REGN5668 Takes Aim at MUC16 in Platinum-Resistant Gynecologic Cancers

For patients with platinum-resistant ovarian cancer (PROC) or endometrial cancer who have progressed following anti–PD-1 therapy, the therapeutic reserve is lacking with limited treatment options associated with modest response rates. Against this backdrop, an investigational MUC16-targeting bispecific antibody–based regimen is generating cautious optimism among gynecologic oncologists, and a phase 1/2 study (NCT04590326) now enrolling patients could help reshape how these cancers are managed.^1,2

Presented as a trial-in-progress update at the 2026 Society of Gynecologic Oncology Annual Meeting on Women’s Cancer, the ongoing study of REGN5668 in combination with immune checkpoint inhibitors represents a mechanistically novel approach.¹ With module 1 having enrolled its first patients in dose expansion and module 2 dose escalation advancing through multiple dose levels, the trial is building the foundational evidence base for what could become a new treatment paradigm.
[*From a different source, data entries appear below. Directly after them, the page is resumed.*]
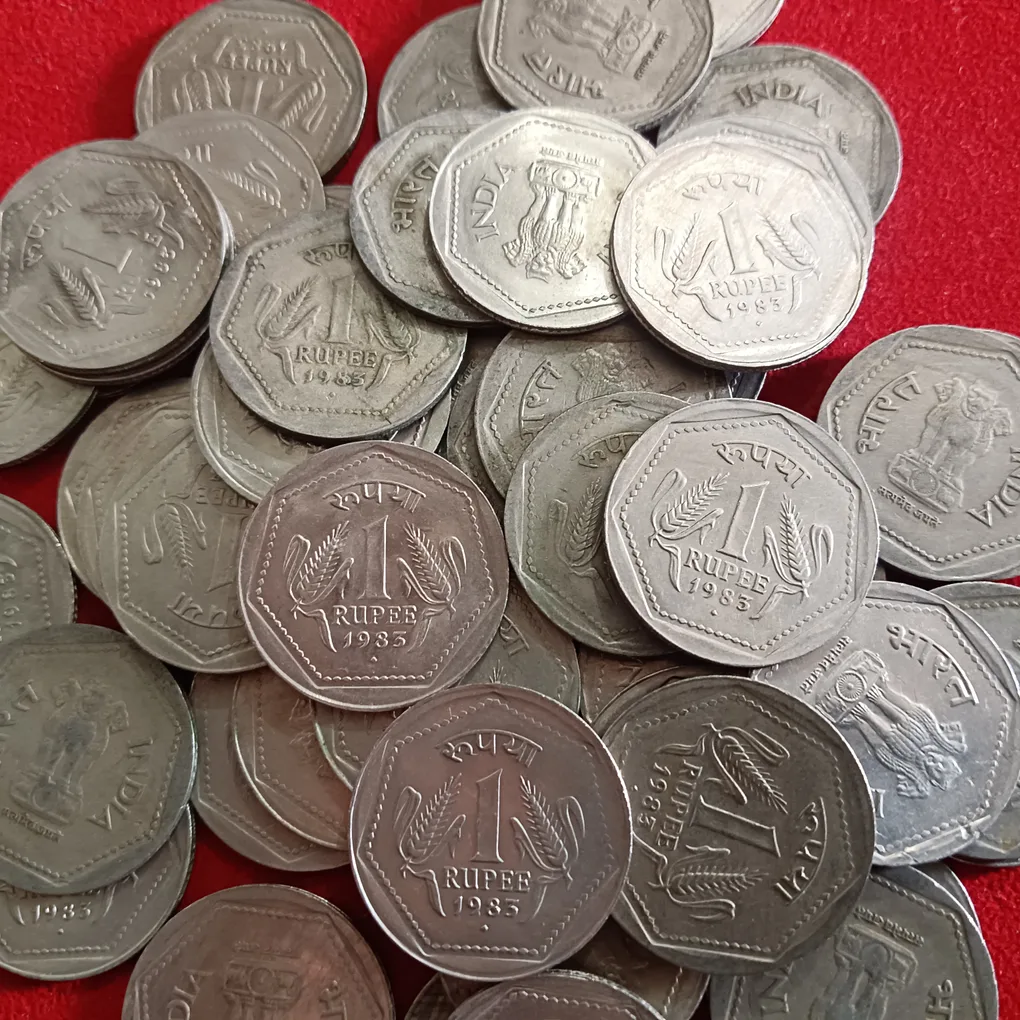 One Rupee Scare Coin 1983 Year Bombay Mint 10 Pcs Given Republic of India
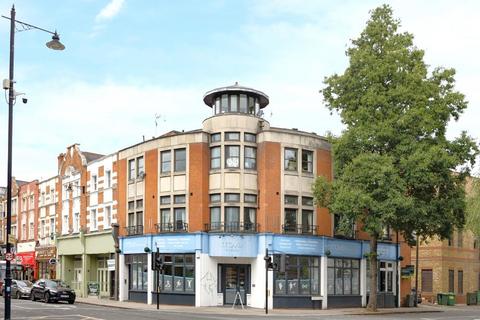 2 bedroom flat for sale, Arragon Road, Central Twickenham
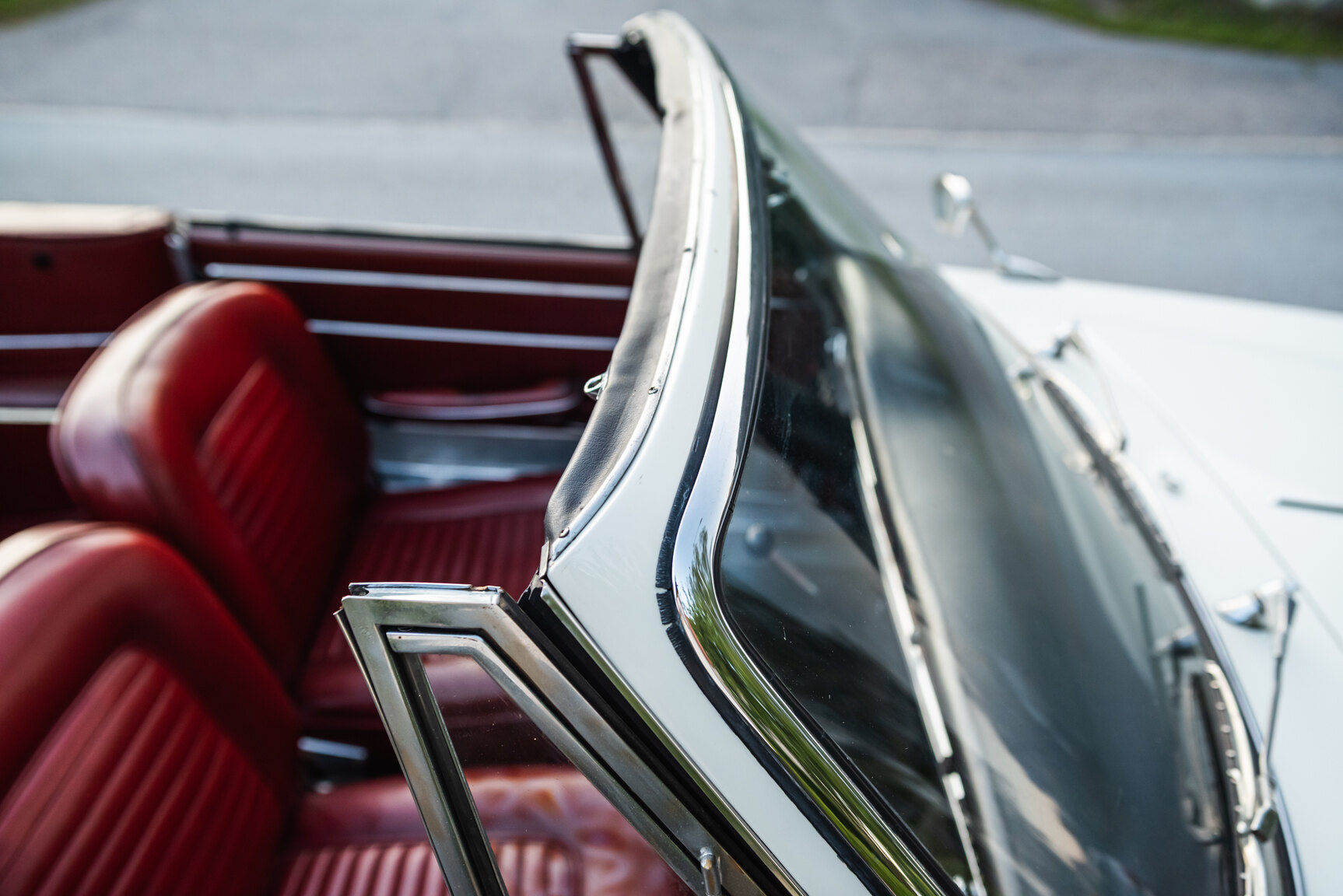Exterior image of 1964 Lancia Flavia Vignale  
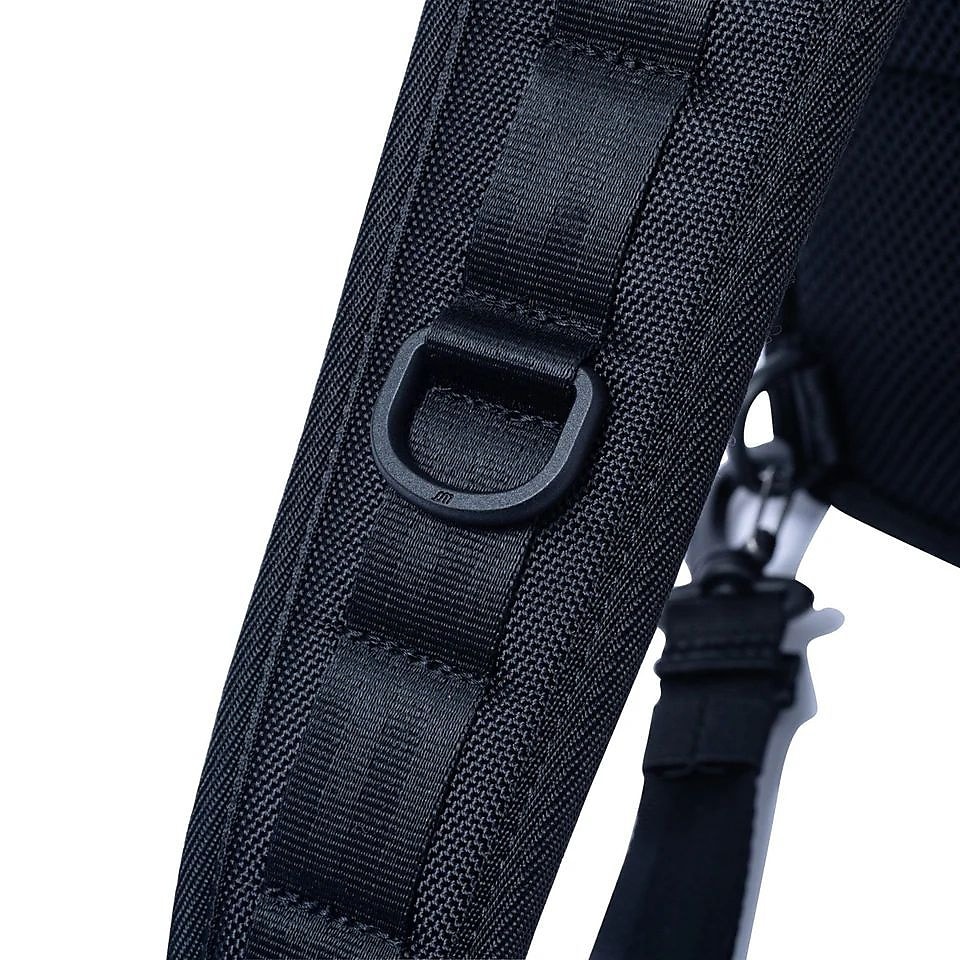 SLING BODY BAG BLK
“It’s an exciting time to be involved in research for recurrent gynecologic cancers. We’ve moved away from traditional cytotoxic therapies and now focused on informed targeted therapies. In this case, we’re targeting MUC16, which is an attractive target because it’s expressed on the cell surface of many gynecologic cancers, particular high-grade serous ovarian cancer and a lot of endometrial cancers. What’s attractive is that it doesn’t have the same toxicity profile [as other agents], and for some patients, we see durable responses, but without the same chemotherapy-related toxicity [profile],” Roisin E. O’Cearbhaill, MD, said in an interview with OncLive®.

O’Cearbhaill is the lead author of the first-in-human trial and research director of the Gynecologic Medical Oncology Service, clinical director of the Solid Tumor, Cellular Therapy Service, and an associate attending physician at Memorial Sloan Kettering Cancer Center in New York, New York.

What is the unmet need?

Patients with ovarian cancer whose disease recurs after platinum-based chemotherapy face reduced survival and limited salvage options. The same is true in recurrent endometrial cancer following first-line immunotherapy-containing regimens, where the prognosis after progression is increasingly poor.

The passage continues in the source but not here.